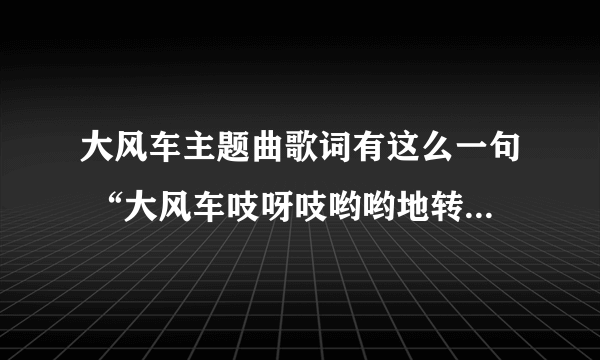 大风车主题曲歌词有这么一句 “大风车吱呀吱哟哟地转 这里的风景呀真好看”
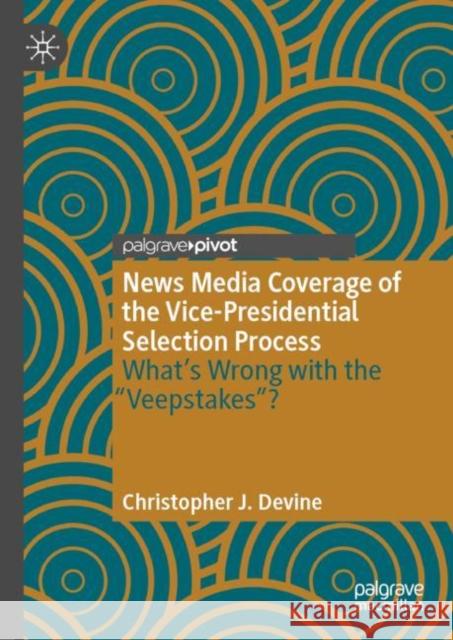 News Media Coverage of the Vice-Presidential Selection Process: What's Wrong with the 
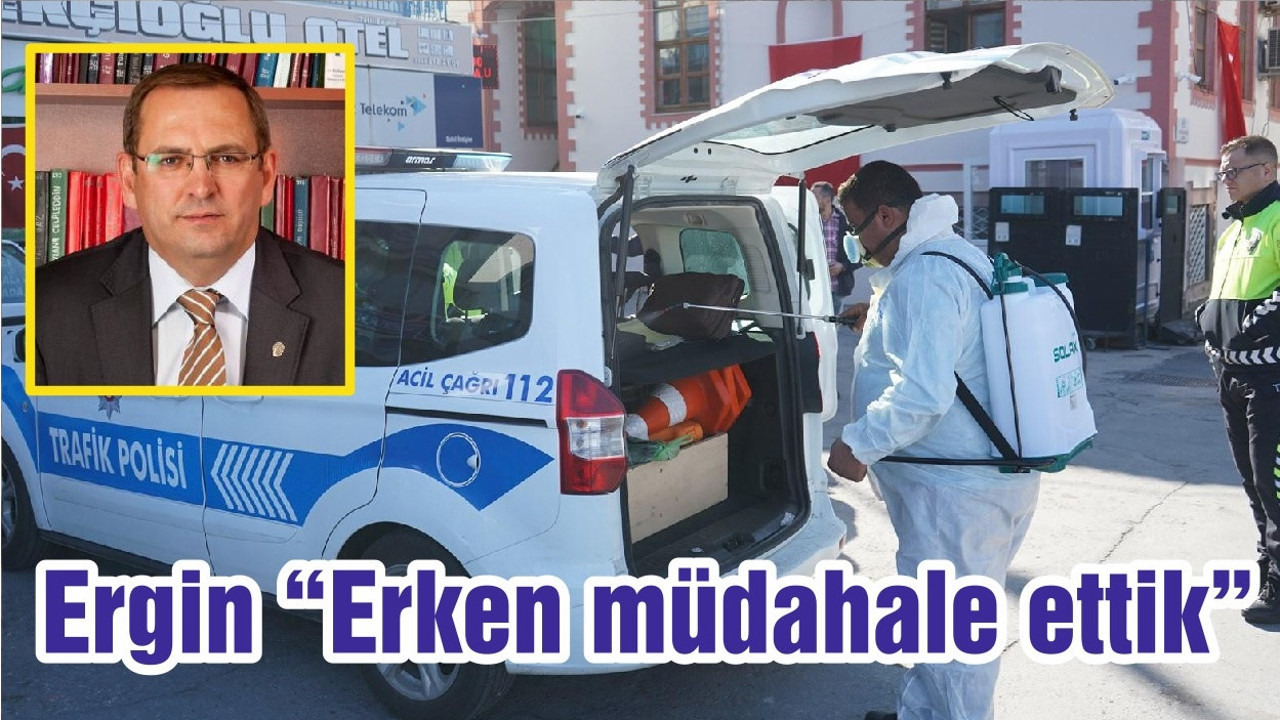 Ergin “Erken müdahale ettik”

--------------------------------------------------

*Task directions:* All of the data above should be printed again exactly, though none of the pictures belong in the copy.

*Reply to the exercise:*
 大风车主题曲歌词有这么一句 “大风车吱呀吱哟哟地转 这里的风景呀真好看”
 News Media Coverage of the Vice-Presidential Selection Process: What's Wrong with the 
 Ergin “Erken müdahale ettik”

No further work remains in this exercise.